# Hori Mini Pad N64 controller with PC? Is it possible?



## regnad (Sep 9, 2010)

Anybody gotten the Hori Mini Pad N64 controller to work with PJ64 or any other N64 emulator?

I scored a Hori for a mere 300 yen (about $3.50) and was all excited to use it.

I have a Mayflash USB adapter that works great with an original controller, but the analog stick goes crazy with the Hori.

So what should I do? Obviously original Adaptoids are virtually impossible to find, prohibitively expensive, and I don't even know if they work with Horis (although I assume they do). A quick search turns up these two: Retrozone N64 USB adapter and Raphnet. No idea if either of these would work with the Hori. Wrote both manufacturers, not a peep from either one so far.

Anything else?

Ideally I'd like to figure out a way to get it to work with the Mayflash because I don't want to buy anything else, but I have no idea how.


----------



## Schizoanalysis (Sep 9, 2010)

You can get a N64 USB adapter at DX $10-$15 or so.

Then you can run _Xpadder _or something. It will work fine.


I have 4 of these Hori Mini 64 controllers. Red, yellow, green and blue.

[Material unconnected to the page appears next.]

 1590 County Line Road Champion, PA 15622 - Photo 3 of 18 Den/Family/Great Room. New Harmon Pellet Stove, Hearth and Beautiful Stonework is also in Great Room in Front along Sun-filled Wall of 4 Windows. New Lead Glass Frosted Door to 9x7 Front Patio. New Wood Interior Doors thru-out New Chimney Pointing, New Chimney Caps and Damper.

They cost me a bit more then yours, though!


----------



## regnad (Sep 9, 2010)

What's DX?


----------



## ByteMunch (Sep 9, 2010)

DealExtreme


----------



## regnad (Sep 9, 2010)

Okay, I see. Deal Extreme.

Search there immediately turned up this: http://www.dealextreme.com/details.dx/sku.30473

This is what I have already. And this is what makes the Hori analog stick go crazy.

Is it what you have? How did you get it to work?


----------



## regnad (Sep 9, 2010)

Is there some trick to calibration? 

Will xpadder help me with calibration? The description page says xpadder simply assigns letters to controller directions/buttons for games that don't support controllers. I can't see how that will help.

_Edit:_ downloaded xpadder -- same issue. Analog stick all over the place.

Curious how you pulled this off, Schizoanalysis.


----------



## PuPu (Sep 10, 2010)

I own 3 Hori Mini Pads (Black, Blue, Red), an original adaptoid, a mayflash adapter, a boom adapter and last but not least the adapter from retrousb. None of the adapters work with the Minipads. They all act differently, but none work correctly.


----------



## regnad (Sep 10, 2010)

Hmm. How did Schizoanalysis do it?

There's some secret he's not revealing...


----------



## PuPu (Sep 10, 2010)

He mustn't have tried it. I tried messing around with Xpadder, and it doesn't change anything.... It allows you to set/emulate the controller with the keyboard, just as you would do in project 64, or which ever emulator you'd use.


----------



## Schizoanalysis (Sep 10, 2010)

Whoops, not there's not.

I use digital pads only my PC rather than analogue sticks. Mostly I use my Sega Saturn pad, or my Saturn fighting stick or twin sticks. They all work fine. I just assumed the other would also work. My bad!

You could use the digitial pad only and shut off the analogue pad in the software, I imagine. But I guess you want the analogue pad rather than the digital one.


----------



## regnad (Sep 10, 2010)

So the answer is that it's impossible to use the Hori on a PC essentially.

What a pity! The Hori analog stick is a billion times better than the original controller's!


----------



## Schizoanalysis (Sep 10, 2010)

I know. I use it on my N64 (not that I play it these days).

It is such a cute little pad! The red one especially ~ it looks like cherry candy!

You did well getting one so cheap. Mine were around $30 each on ebay, which was a good deal at the time. I have seen them sold for up to $80 or so on Ebay (and clear/snow ones sell for more than this).


----------



## regnad (Sep 10, 2010)

What is it about these controllers that's so difficult?

They plug in and are good to go on a real N64, but according to PuPu they don't work with four different adapters! It's ridiculous! Considering how coveted these things are you'd think some adapter maker would want to figure out how to do this.


----------



## regnad (Dec 1, 2010)

Solution found!

This guy's adapters work like a charm with the Hori pad: http://www.raphnet-tech.com/products/gc_n6...pters/index.php

Hooray! Simple solution!


----------